Rural China booming thanks to boom in online trade

A new wave of young entrepreneurs is emerging in remote, rural corners of China.

Theirs is not a tale of smart horticulture but one of online opportunism, with e-commerce booming even as the rest of China’s economy slows.

They are optimists, willing to move to places where they know no one, to re-educate themselves, to change careers, to borrow from friends and relatives in order to go into business on their own, to risk all for a brighter future.

Li Dan and her husband Li Zhong, both aged 30, are typical participants in this new wave.

They are making a fortune in an ancient village in the dusty northern Chinese countryside with its harsh climate of extremes.

Online commerce is emerging as the only significant part of the economy, besides old-fashioned retail, where private companies dominate. It is starting to drive change and prosperity in rural areas where half a billion people live.

A McKinsey report says that about 257 million people in lower-tier cities and rural areas are online shoppers, compared with 183 million in China’s higher-tier cities.

Alibaba established a Rural Taobao strategy two years ago, and already runs 16,000 service centres in villages and 380 larger centres in counties — from which they both package products for national distribution and deliver to people in the countryside.

Its principal rival JD.com has opened 1500 rural self-operated service centres as well as establishing Jingdong Bang, a home appliance delivery and maintenance team in partnership with local shops, with 1300 outlets in lower-tier cities and the countryside.
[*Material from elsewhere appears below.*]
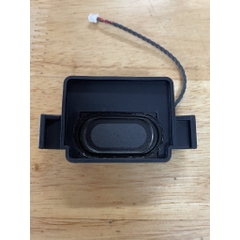 Loa Dành Cho Acer Projector X168H X1127i X1227i X1527i  23.JMWJ2.001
The Li family lives two hours’ drive north of Beijing, where they have converted a former kindergarten and courtyard buildings into a warehouse and offices in Mafang Cun — Horse Raising Village — where cars have to be parked outside because the streets are only wide enough for horses.

They manage a fast-growing business selling diving and swimming gear in China but also in Hong Kong and Taiwan, and increasingly in countries further afield.

The Lis both grew up in “peasant” families, but have become rich in a manner their own parents find unimaginable.

During 2016 their company’s turnover rose 25 per cent from 2015 to about $6 million, chiefly through sales via China’s biggest platforms, JD.com, Taobao and Tmall.

Jobs are being shed in China’s cities as labour costs rise and factories both automate and migrate to cheaper locations like Vietnam or Bangladesh.

Rural workers who used to chase manufacturing jobs in the cities are finding such work elusive and housing impossibly expensive.

They are reassessing the value of staying in the countryside, with cleaner air, cheap or free accommodation, fresh food and a lifestyle they like. Now, the jobs are coming to them.

For the rural hinterlands surrounding China’s cities — formerly wastelands, with older people scraping a living from scraps of land — are starting to boom, thanks to soaring online trade.

Land is comparatively cheap there — the large warehouse and office space the Lis are leasing costs them just $20,000 a year, a mere 1 per cent of the cost inside Beijing — and village leaders are throwing their support behind the transformation.

The specialisations pursued by these online entrepreneurs surging into or from rural China are extraordinary.

In Shandong province, for instance, one village now hosts the country’s biggest hub for supplying party costumes, for both children and adults, to China and the wider world.

Dan and Zhong met in Beijing after shifting there in search of a better future. They and their peers were until recently abandoning Chinese villages to the very old and the very young. Parents and grandparents looked after the children whom workers could not keep in their factory dormitories.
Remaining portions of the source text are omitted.